START SUPPLIED RECORDS
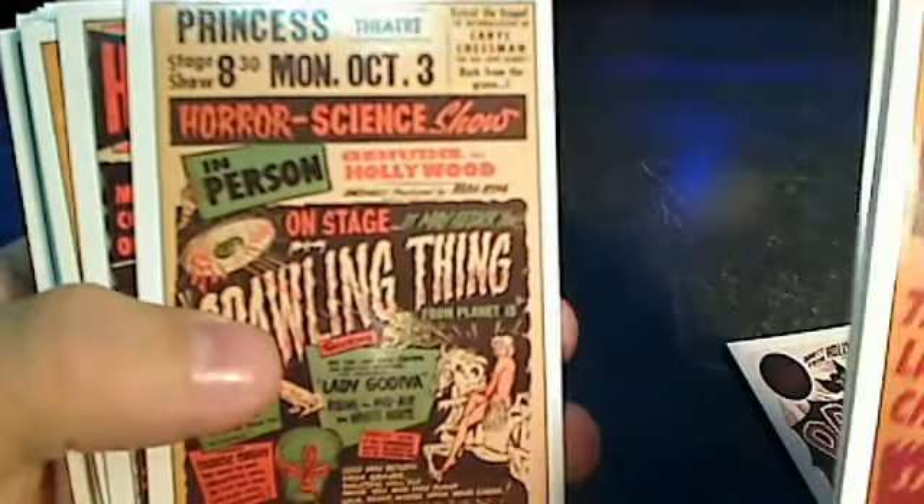Basically what this set is is it's commemorating all of the cool old Spookshow posters and advertisements, plus there's a lot of other stuff in here as well. The cards definitely look really good in person — they've got a nice gloss to them.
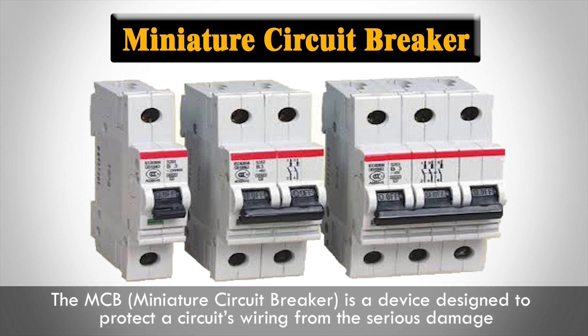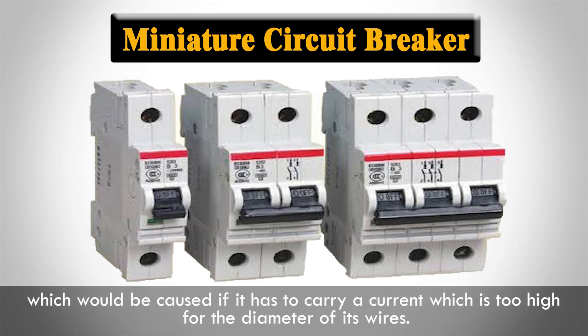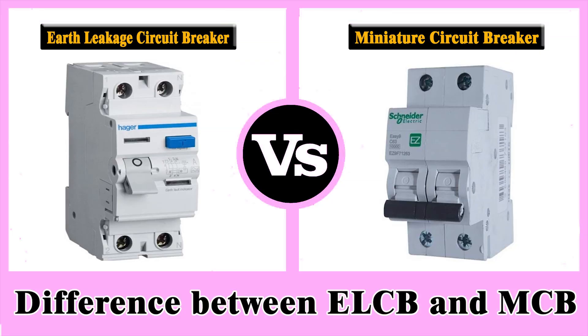The MCB, Miniature Circuit Breaker, is a device designed to protect a circuit's wiring from serious damage, which would be caused if it has to carry a current which is too high for the diameter of its wires. In this video, I will learn the difference between Earth Leakage Circuit Breaker and Miniature Circuit Breaker.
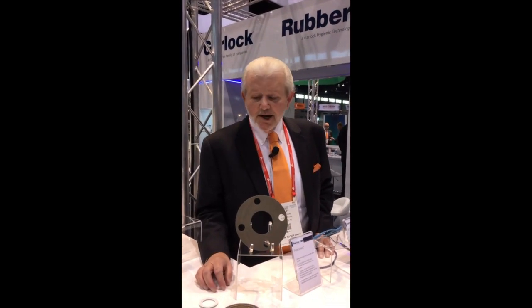Good morning. My name is Gary Johnson. I'm one of the RubberFab Regional Sales Managers, and today I'd like to talk to you about not just an ordinary gasket, but the best sanitary gasket in the world, bar none, and here's why.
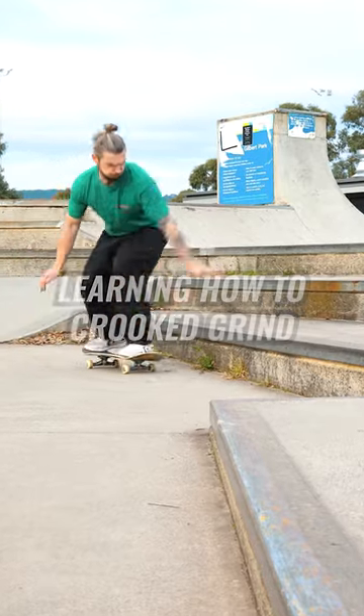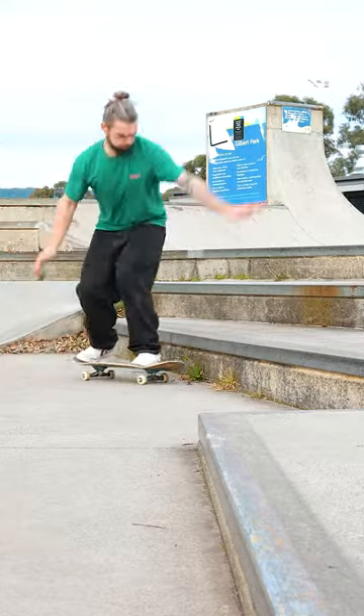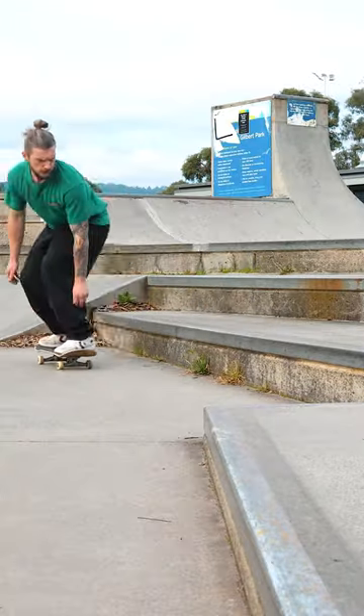This is me trying to learn how to do a grind on a ledge — poorly, that is. Personally, I like to start slow, trying to focus on locking in onto the grind.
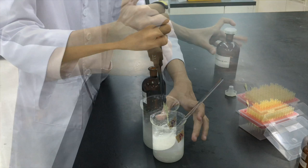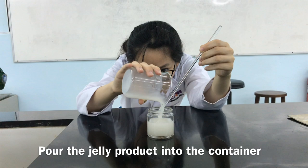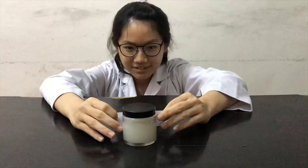Stir the mixture by using the glass rod. Pour the jelly product into the container until the calibrated line is reached and cap the container. Label the jelly product accordingly and our ephedrine sulfate jelly is done!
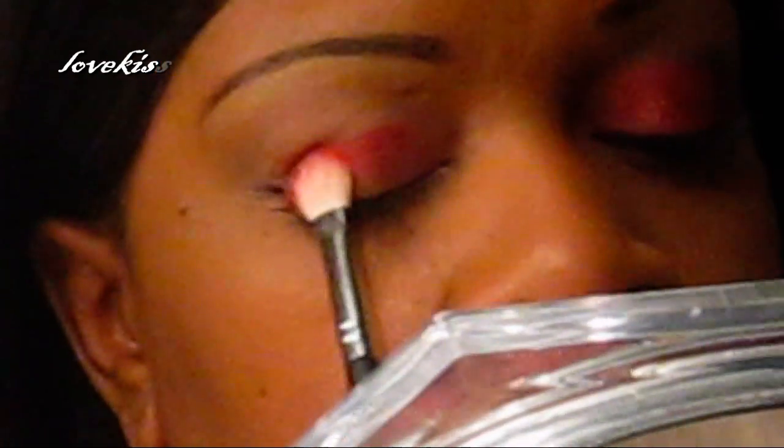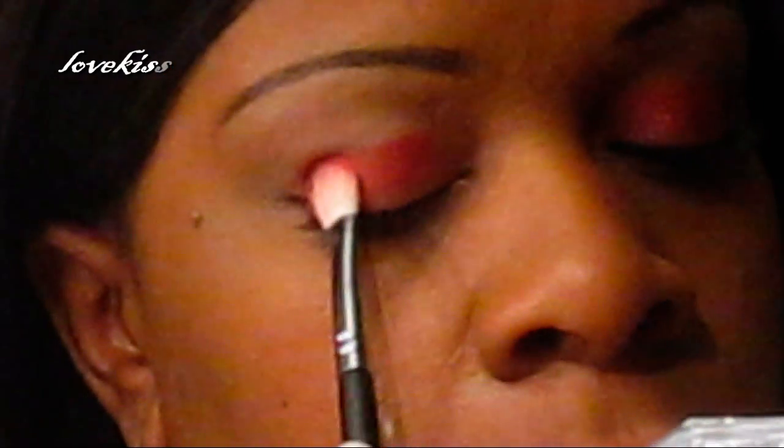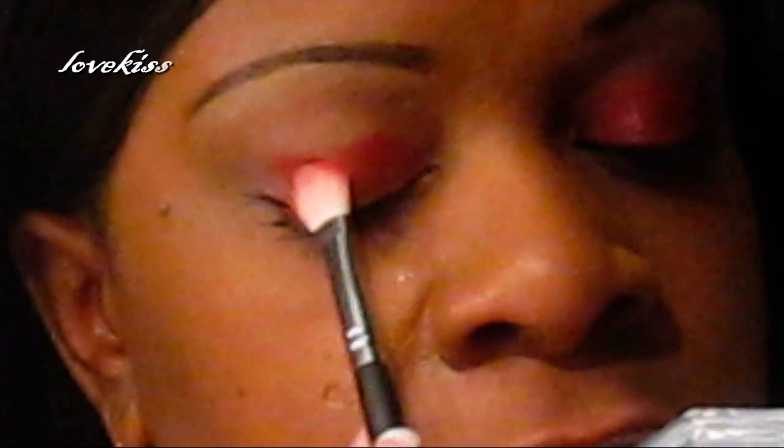Just all over the lid up to the crease. Make sure to really pack that color on, because you really want that red to stand out. Make sure you check it to make sure it's even all the way across.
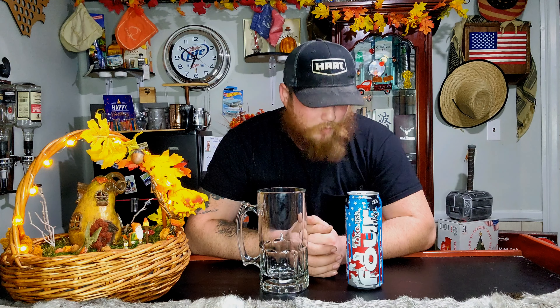We're going to jump right into this Four Loco USA review. 14% alcohol, artificial flavors, malt beverage — there's no identifier on what the flavor is. So let's give it a try. What's the worst that could happen? For Loco.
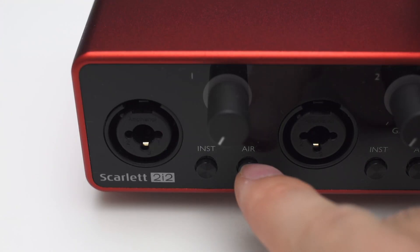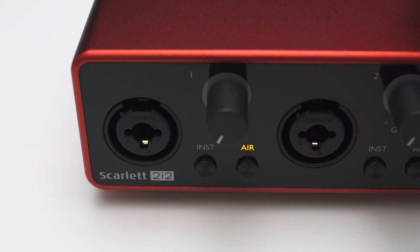Hey, Julian Krause here. In my Focusrite 3rd generation reviews I hinted that the Air Mode could be simulated with an equalizer. The Air Mode on the Scarlett interfaces increases the higher frequencies to enhance the clarity of the sound, and this apparently mimics the sound of the original Focusrite ISA preamps. While testing, I found out that the Air Mode is mostly a simple change in the frequency response which can easily be done with an equalizer.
END SUPPLIED RECORDS
Starting from the first line of the listing above, write out every line exactly through the one containing "The MCB, Miniature", and drop the pictures.

▶ EXERCISE RESPONSE:
Basically what this set is is it's commemorating all of the cool old Spookshow posters and advertisements, plus there's a lot of other stuff in here as well. The cards definitely look really good in person — they've got a nice gloss to them.
The MCB, Miniature Circuit Breaker, is a device designed to protect a circuit's wiring from serious damage, which would be caused if it has to carry a current which is too high for the diameter of its wires. In this video, I will learn the difference between Earth Leakage Circuit Breaker and Miniature Circuit Breaker.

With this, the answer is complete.